4.         STAND VAN ZAKEN

 

4.1.      Kinderopvang volgens de “Delftse aanpak”

In de afgelopen jaren is er flink uitgebreid in de gemeente Delft, een positieve uitzondering in Nederland. Er zijn verschillende redenen waarom er in Delft wel uitgebreid is/wordt en in andere steden minder.

 

Het huidige college maakte zich sterk voor een goed kinderopvangklimaat. Daarnaast is samenhang op ambtelijk niveau gestimuleerd. Als gevolg daarvan werd een interdisciplinaire werkgroep gevormd die professionele kinderopvang­onder­nemers begeleidt bij het zoeken naar locaties/accommodaties, doorlopen van procedures en verkrijgen van vergunningen. Het eerste wat deze werkgroep deed was een locatieonderzoek houden. Met medewerking van vele verschillende gemeentelijke disciplines leidde dit tot een lijst van 40 potentiële locaties/accom­modaties t.b.v. kinderopvang.

Naast de werkgroep voor nieuwe initiatieven (hierboven) is structuur gebracht in die organisatieonderdelen die te maken hebben met de zogenaamde doelgroepen (klanten van vakteam Activering en Inburgering). Datzelfde geldt voor de vergunningenverstrekkers (Bouw&Woningtoezicht, GGD, Brandweer en TOR).
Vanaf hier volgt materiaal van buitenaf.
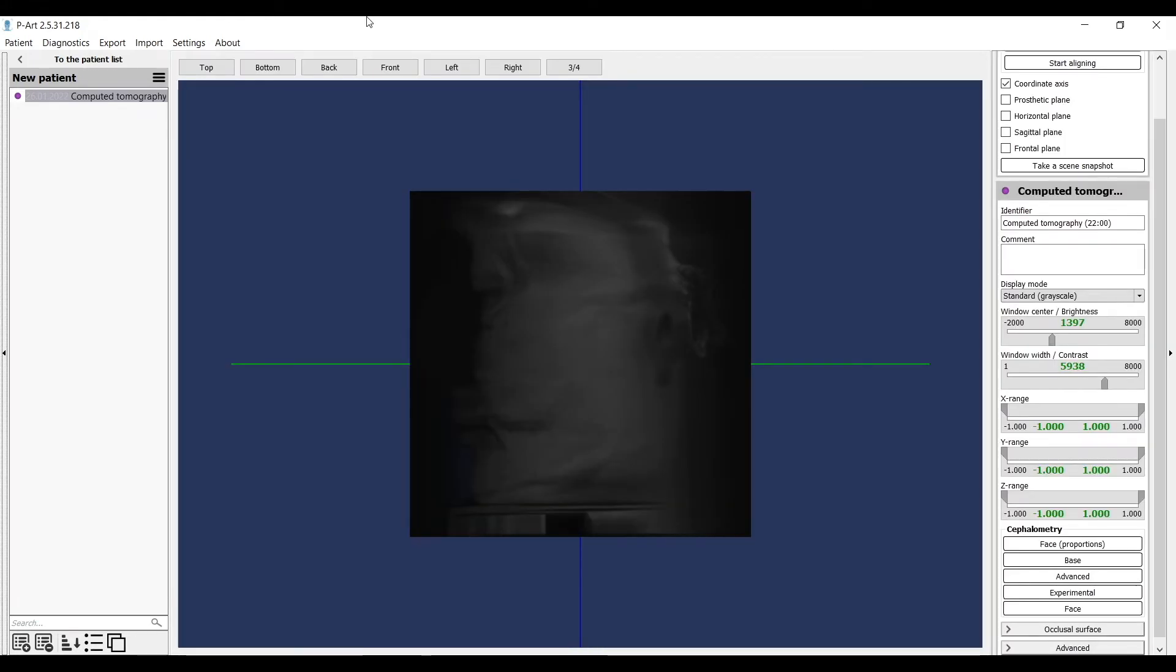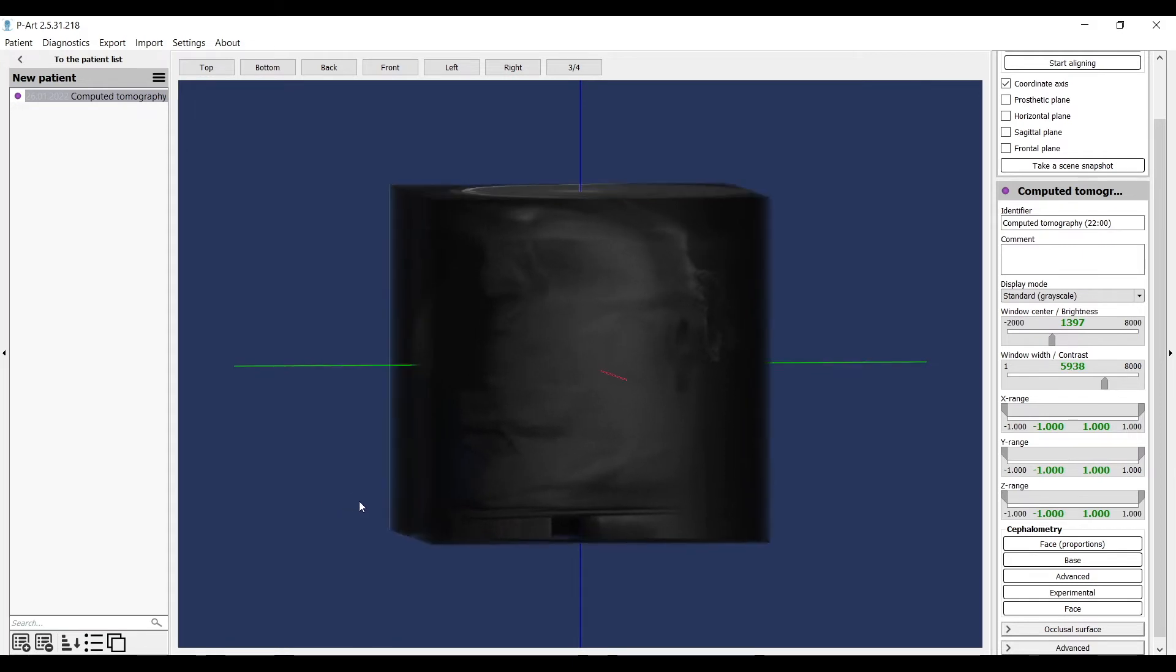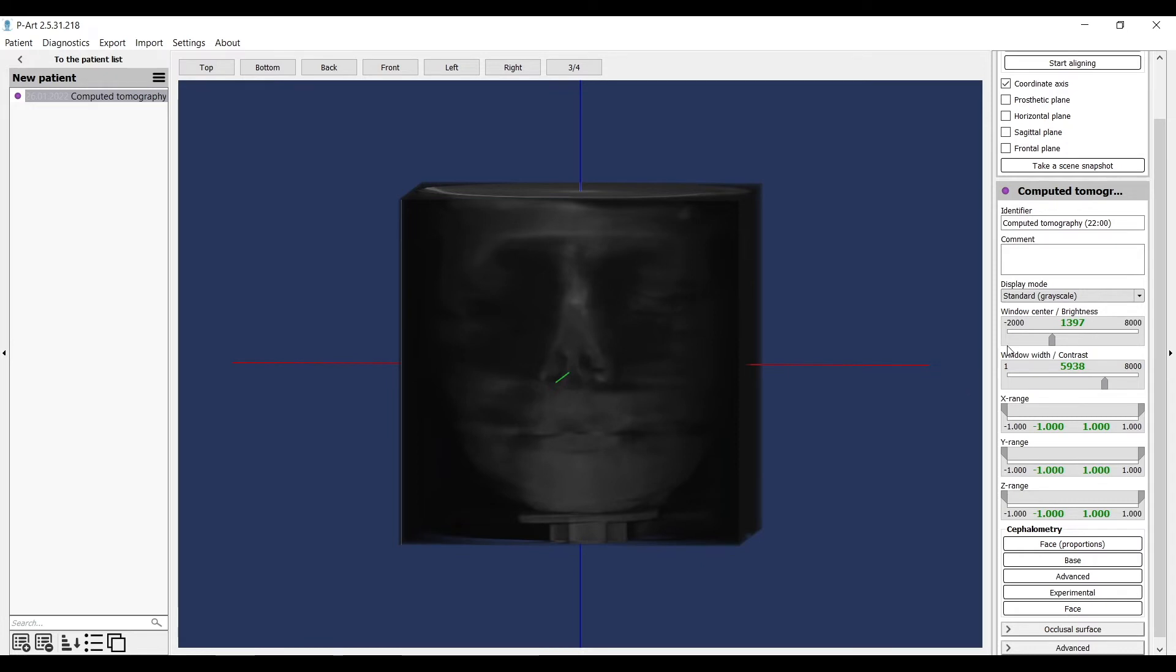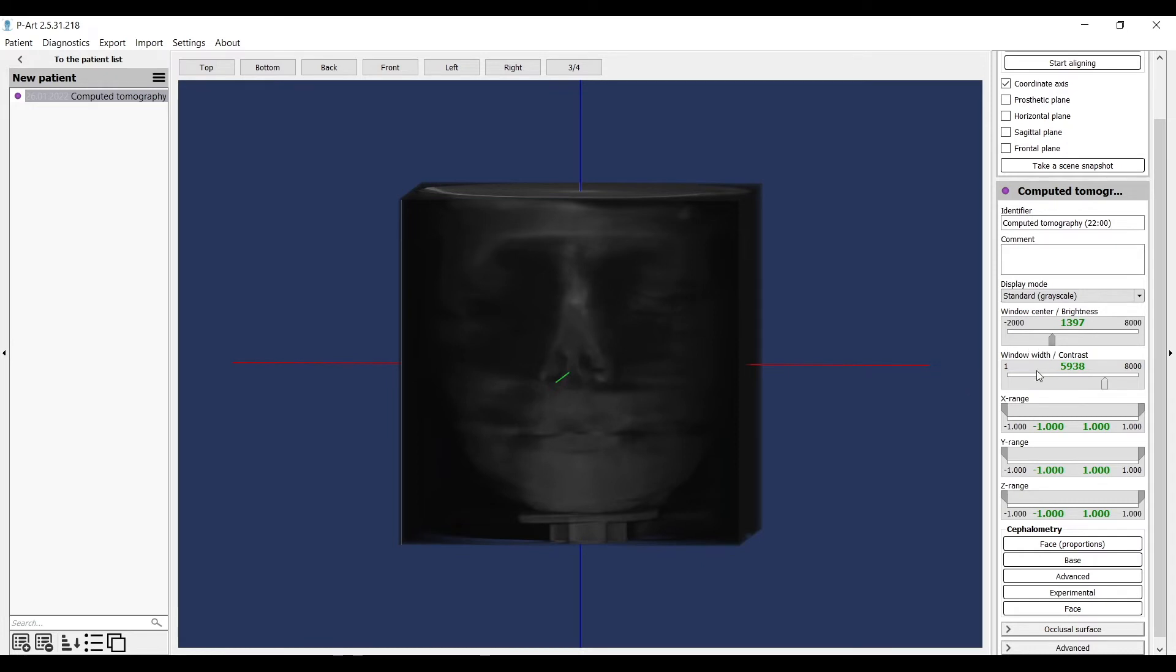When tomography is uploaded, we need to check the need for aligning. On the right side of the menu in the Tomography section, we can correct settings of the data.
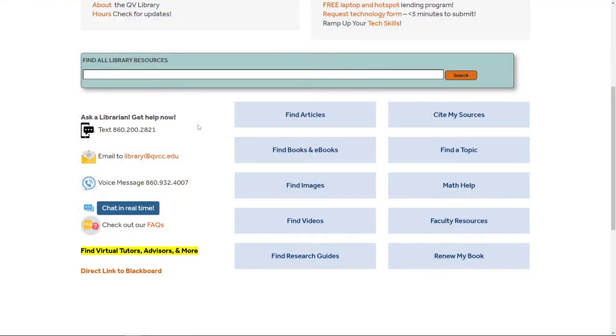At the QV Library, there are many ways in which you can contact us. One way is to text us, email us, call us, or you can chat in real time.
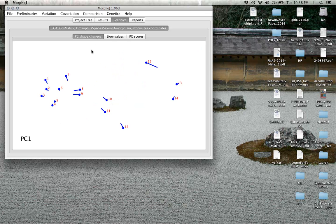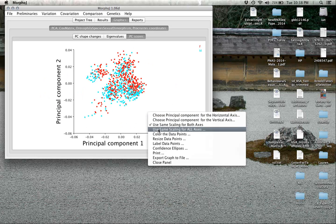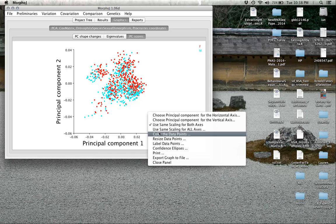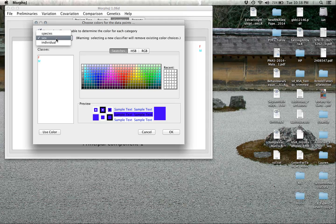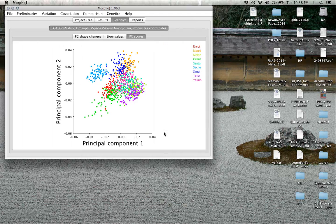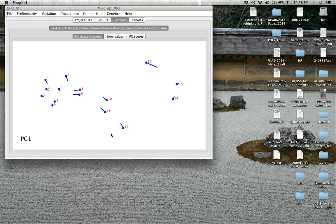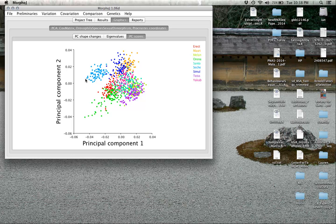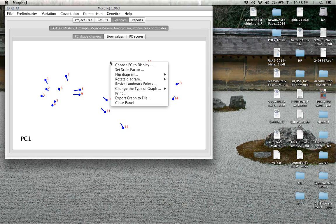Going back to this first plot, variation on principal component 1 here, let's recolor these data points by species since that was clearly one of the most dominant features. This is giving us a visualization of what it means to move from one side of that axis to the other. If you happen to be an observation over on this side of PC1 to this side, this is the shape change you're observing going from negative to positive values.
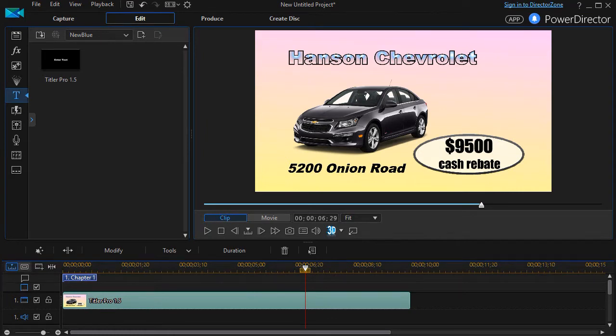In this tutorial in Titler Pro, I'd like to show you how to match the title length between the Titler Pro program and a program like PowerDirector.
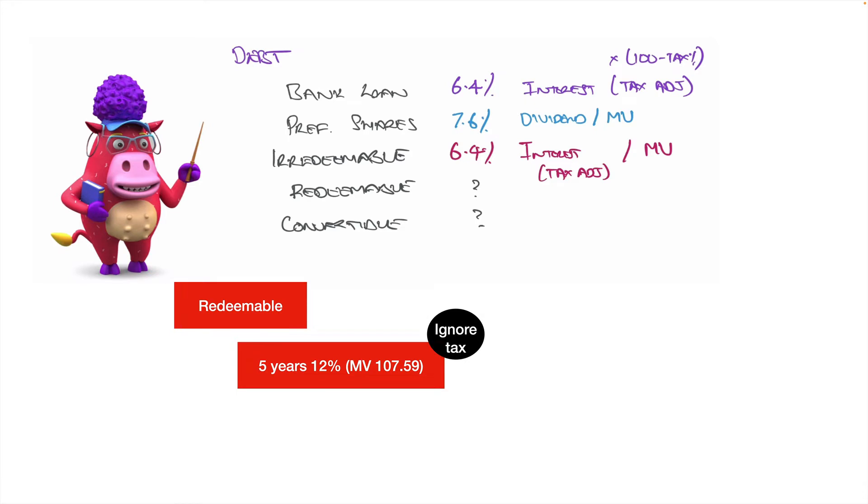So it's five years, 12% interest, ignoring tax, and the market value of it is 107.59. Okay, this is how you do it, folks.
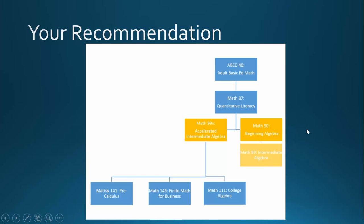Based on the problems that you just worked on in the Assessment Center, you received a preliminary recommendation of Math 99x, Accelerated Intermediate Algebra.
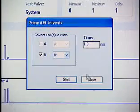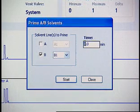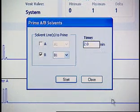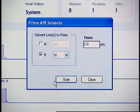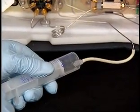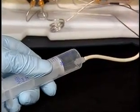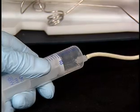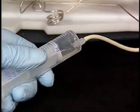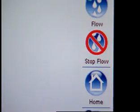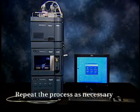In the Time box, enter 2 minutes. Click Start. Withdraw the syringe plunger to draw solvent through the solvent path. When solvent flows out of the vent line, the path is primed. Stop the solvent flow. Repeat the process as necessary to prime other solvent paths.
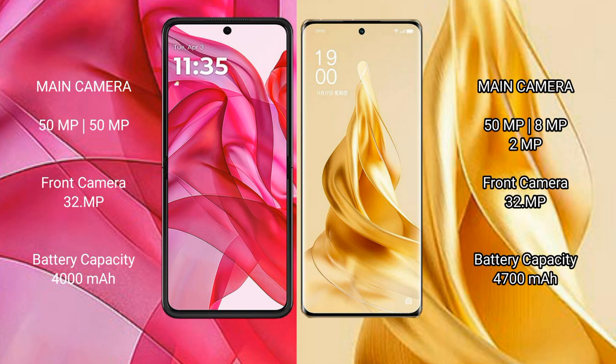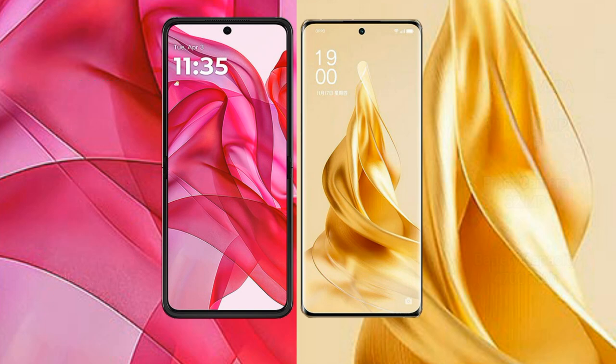The Motorola RAZR 50 Ultra has a 4000mAh battery with 45W fast charging support. The Oppo Reno 9 Pro Plus has a larger 4700mAh battery with 80W fast charging support.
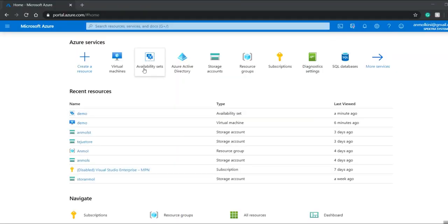Welcome back to my YouTube channel. Today I'll be creating two Ubuntu virtual machines on Azure. Azure requires a credit card to create an account and I don't have one right now, so I have borrowed my friend's Azure account to do this lab.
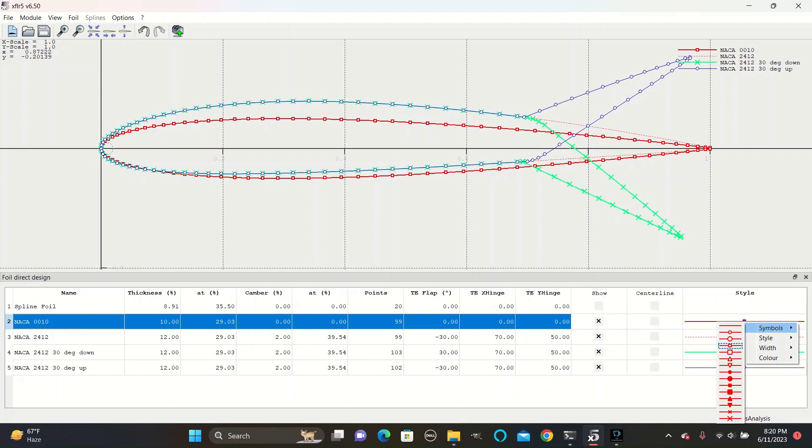The various symbols are circles, squares, triangles, and X's. Now make sure to give each airfoil you create a distinct color to each foil, and make sure that show is checked next to the airfoil.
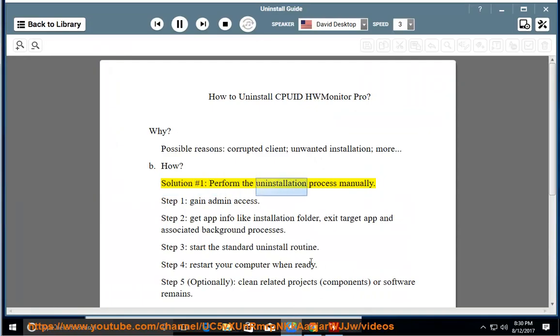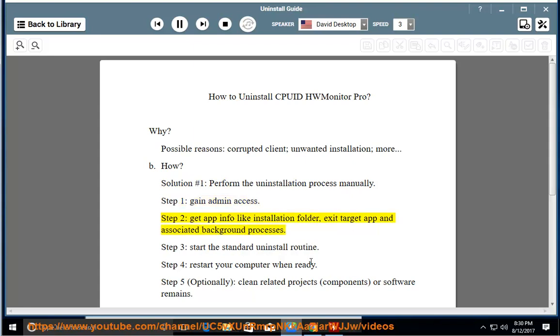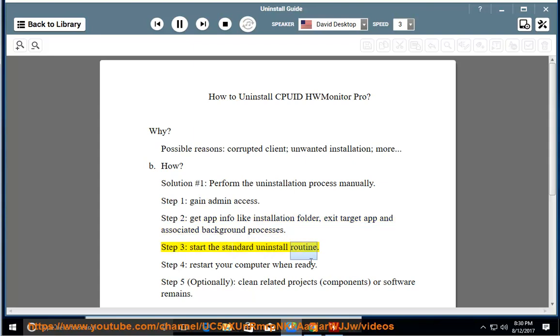Perform the uninstallation process manually. Step 1: gain admin access. Step 2: get app info like installation folder, exit target app and associated background processes. Step 3: start the standard uninstall routine. Step 4: restart your computer when ready.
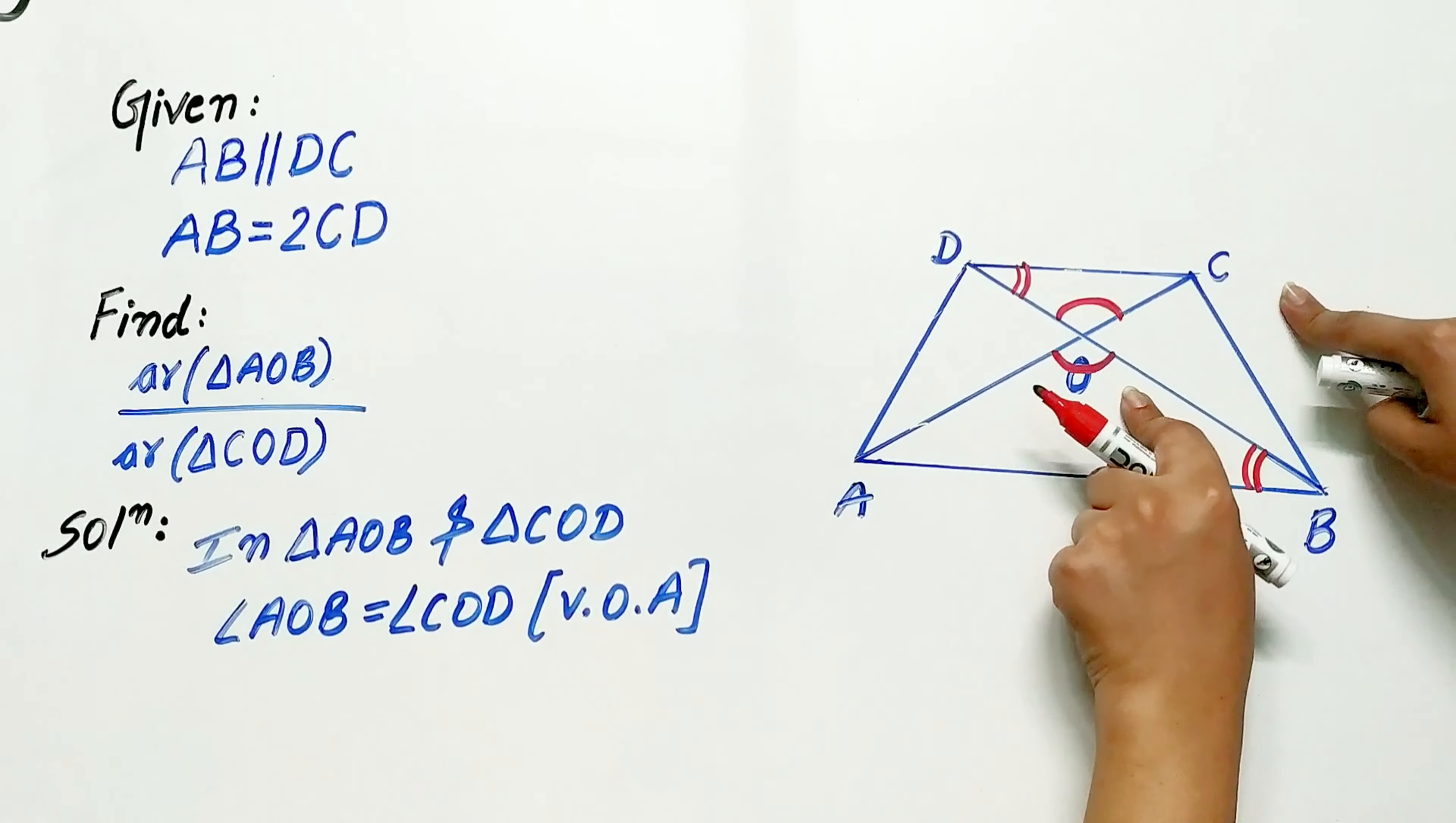find the ratio of the areas of triangle AOB and triangle COD. Now we have to find the ratio of the area of the two triangles.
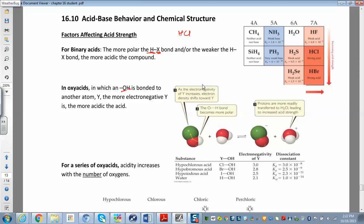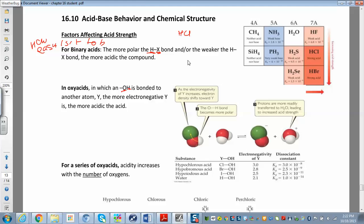For binary acids, we're really asking: how easy is it to break the HX bond, where X is the other part of the binary acid? The easier it is to break that bond, the stronger the acid, because it gives up the H+ more readily. There are two trends we'll look at.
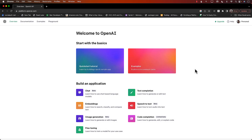Hello everyone and welcome to Azamsharp Weekly. In this video, I'm going to show you how you can create a macOS toolbar application which will be interacting with ChatGPT.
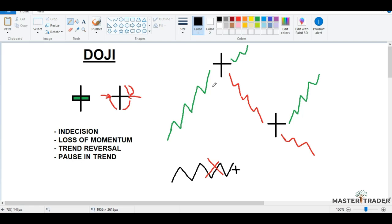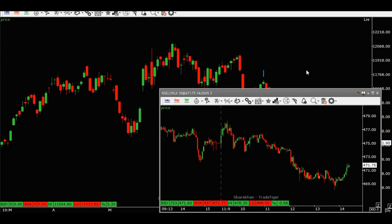If there's a nice uptrend and a Doji forms at the top, be cautious — there may be some profit booking or a trend reversal. Similarly, if we're in a nice downtrend and price is going down and then you see a Doji form, again be cautious: you might see a trend reversal or even trend continuation. Another important rule: never trade a Doji on a standalone basis. Use multiple factors — like confluence — and combine multiple signals to take a trade. We'll look at other candlestick patterns that we can combine to get a good trading signal.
Tevens zijn er dwarsverbanden gelegd met de Brede School en de Voorschool. Een en ander resulteerde in een breed gedragen structuur, die een structurele inbedding in samenhang met aanpalende beleidsterreinen voor de komende jaren waarborgt.

 

De gemeente is helder in wat wel en wat niet kan en of iets op een bepaalde plek gewenst is of niet. De nota “het beleidskader” (1999) stelde o.a. vast dat uitbreiding van hele dagopvang gestimuleerd wordt; bijvoorbeeld door ondersteuning in het doorlopen van procedures en een gezamenlijke borgstelling met het Waarborgfonds. Voor uitbreiding van buitenschoolse opvangvoorzieningen zijn deze faciliteiten ook beschikbaar; daarnaast maakte een aantal organisaties/kinderopvangondernemers dat zich daar destijds voor heeft ingeschreven gebruik kunnen van stimuleringsgelden.

 

4.2.      Uitbreidingen sinds 1999

De gemeente stelt zich positief op t.o.v. kinderopvang. Dit trok enthousiaste professionele kinderopvangondernemers aan om met de Gemeente in dit kader samen te werken; zowel bestaande ondernemingen als starters. Dit leidde tot een substantiële uitbreiding van zowel de hele dagopvang als de buitenschoolse opvang. Beide soorten breidden sinds 1999 met iets meer dan 300 uit.

 

4.3.      Uitbreidingen als gevolg van de stimuleringsmaatregel

In het kader van de Regeling Uitbreiding Kinderopvang en Buitenschoolse Opvang (stimuleringsmaatregel) is tot nu toe (8 december 2000) een bijdrage van ƒ 5.138.864 toegezegd voor de uitbreiding van 411.9 kindplaatsen. De gemeente koos ervoor deze bijdrage volledig in te zetten voor de uitbreiding van buitenschoolse opvang, omdat de capaciteit van deze werksoort onvoldoende was. De verdeling van de middelen vond plaats volgens het aanbestedingsmodel. De wijze waarop de besluitvorming rond de uitbreidingen verliep, is beschreven in de nota “Buiten­schoolse opvang: integraal en wijkgericht”. Inmiddels is met 299 kindplaatsen buitenschoolse opvang in het kader van deze regeling uitgebreid; 112 zijn nog in voorbereiding.

 

4.4.      Het aanbod

In totaal zijn er nu bijna 1.100 kindplaatsen hele dagopvang; ruim 500 kindplaatsen buitenschoolse opvang en 500 kindplaatsen peuteropvang.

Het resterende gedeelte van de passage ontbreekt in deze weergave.